A century later, a Massachusetts library lifts its ban on a Mark Twain short story
Just in time for Banned Books Week, the Charlton, Mass., library reversed its ban on Twain's story "Eve's Diary."
A short story by Mark Twain titled “Eve’s Diary,” which was banned in Charlton, Mass., a century ago because of nude illustrations, was put back on the shelves Thursday as part of Banned Books Week.
The Charlton library trustees banned the book in 1906 after one of them, Frank Whitefield, disapproved of the illustrations, which depict a nude Eve exploring Eden.

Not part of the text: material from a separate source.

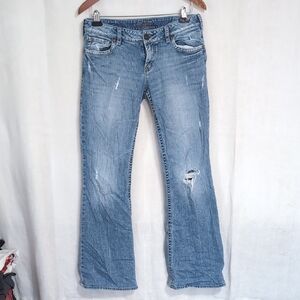 Silver Jean Co Aiko Bootcut Distressed Jeans Size 30/33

“After looking long and earnestly at one picture depicting Eve pensively reclining on a rock, Mr. Wakefield decided to act,” read a 1906 article on the original ban. The article refers to Eve’s dress as “summer costume.”
Richard Whitehead, a new library trustee, recently learned about the ban when he was reading information about the library and told The New York Times that the illustrations didn’t strike him as particularly indecent.

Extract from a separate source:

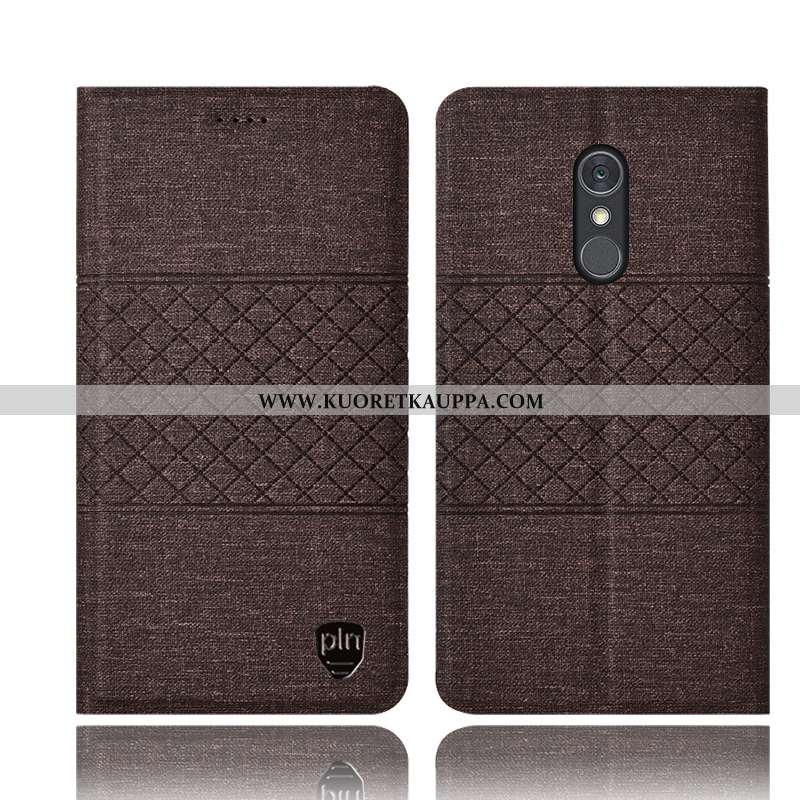 Kuori Lg Q Stylus, Kuoret Lg Q Stylus, Kotelo Lg Q Stylus Suojaus Pellava Musta Puhelimen Mustat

“There’s nothing outrageous about them,” he said. “It’s kind of a shame that for what seems to me like very good artwork, a great piece of literature was banned.”
Twain refused to comment for the 1906 New York Times article but later wrote in a 1907 letter to a friend, Mrs. F. G. Whitmore, that the ban seemed ridiculous to him, calling the library trustees “the freaks of the Charlton Library.”
Twain, however, managed to be characteristically humorous about the matter. “But the truth is, that when a Library expels a book of mine and leaves an unexpurgated Bible lying around where unprotected youth and age can get a hold of it, the deep unconscious irony of it delights me and doesn't anger me,” Twain wrote, signing the letter with his real name, Samuel Clemens.
The current library trustees voted unanimously, with one member missing, to restore “Eve’s Diary” to the shelves. A display in the building promoting Banned Books Week, which takes place the last week of September, now includes a first edition copy of Twain’s novel, found by Whitehead.
The library also acquired two paperback copies of the book as well as an audio book, and one of the paperbacks was checked out within hours of its placement on a shelf, library director Cheryl Hansen told Reuters.
Whitehead told The New York Times that his mission to lift the ban on “Eve’s Diary” came partly from the infamy Charlton had acquired from its library’s actions.
“Banned Book Week is about celebrating the freedom to read,” Whitehead said. “And here our small-town library had been cited in numerous pieces as a place that had banned a book from a great American writer. This was an opportunity to set that right.”
Molly Driscoll is a Monitor correspondent.